The Court of Appeal acknowledged that Canadian authorities had long held that “physical damage” did not include loss of use or pure economic loss, unless specifically provided. Further, the appellate courts in the US and the UK had concluded that physical damage exceptions to exclusions did not include loss of use. Therefore, the exception to the corrosion exclusion for resulting physical damage included physical damage but not damage resulting from loss of use; that is, while economic loss might result from physical damage, it was not physical damage. The Court of Appeal’s summary of its reasons is reproduced below:
- The exception to the exclusion for corrosion is restricted to “resulting physical damage” to MDS’ insured property or that of its suppliers. The plain meaning of physical damage does not include economic loss.
- A contextual analysis of the Policy does not lead to a broader interpretation of “resulting physical damage” because:
- Damage for “loss of market or loss of use, except to the extent provided by this Policy” is specifically excluded from coverage;
- The Contingent Time Element provision that allows for loss of profits only applies to insured claims; and
- A reasonable interpretation of the exception to the corrosion exclusion in this all-risk Policy is that, while lost profits are not covered, the provision does cover all costs to repair physical damage.

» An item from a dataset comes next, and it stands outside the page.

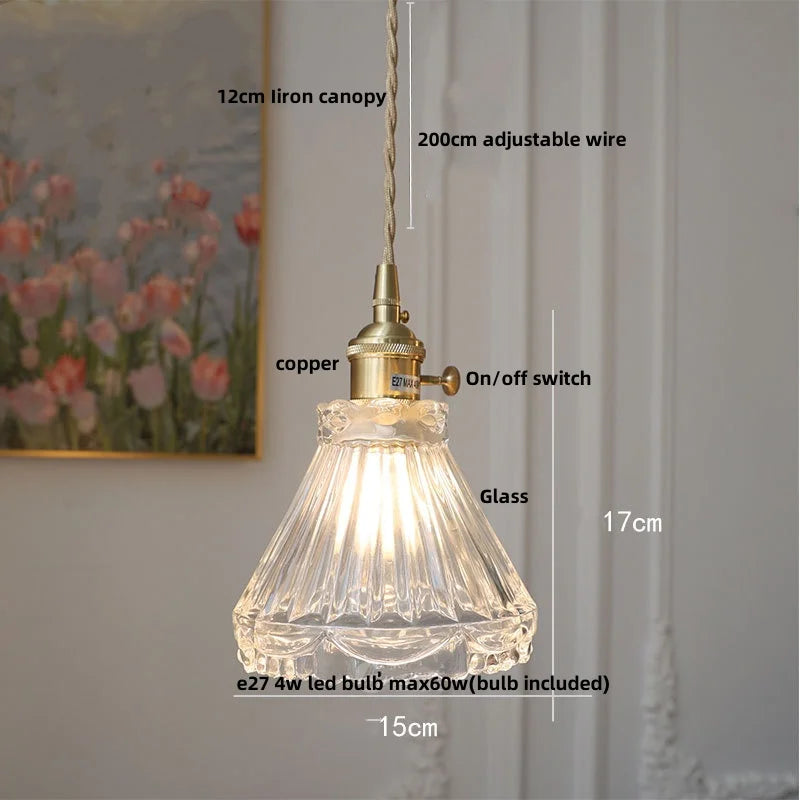 DecorBites™ Clear Glass Copper Pendant Lights Adjustable Modern Wire Nordic Vanity Light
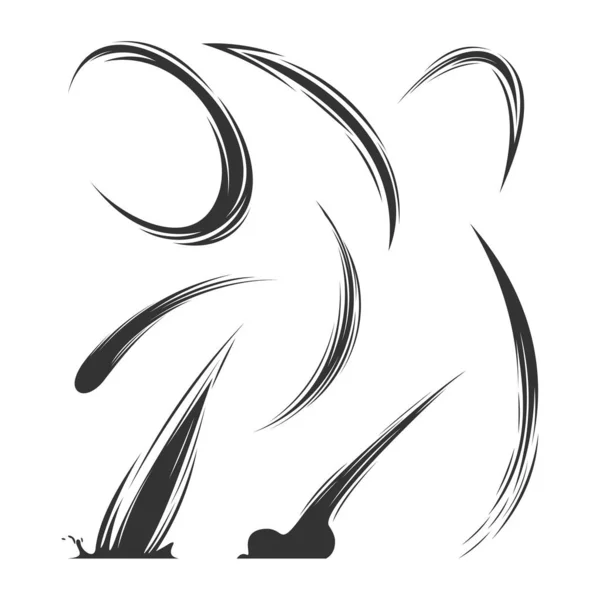 Swoosh Comic Logo Vektörü seti. Swoosh Enerji Etkisi vektör çizimi. Kuyruklu yıldız logo konsepti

- The preponderance of cases in Canada, the United States and the United Kingdom have not interpreted resulting physical damage to extend beyond physical repairs to include loss of use. On the contrary, they have held that where loss of use is to be included as resulting physical damage, this must be made clear in the policy.
- The lower court did not err in awarding compound prejudgment interest at the rate of actual borrowing costs.
Given that the Court of Appeal ultimately denied coverage, there was no need to address this issue. Had it found otherwise, the Court of Appeal would not have interfered with the lower court’s exercise of its discretion to award compound prejudgment interest.
Through its decision, the Ontario Court of Appeal has returned the interpretive focus back to the plain meaning of the policy’s terms. The potential for the lower court’s decision to be applied broadly in favour of insureds seeking coverage for business interruption claims caused by COVID-19 which do not involve any physical damage was uncertain given the unique facts of this case. The Ontario Court of Appeal as now closed the door on any such arguments. With very few exceptions, business interruption claims under property policies require “property damage” which will usually require physical damage to property.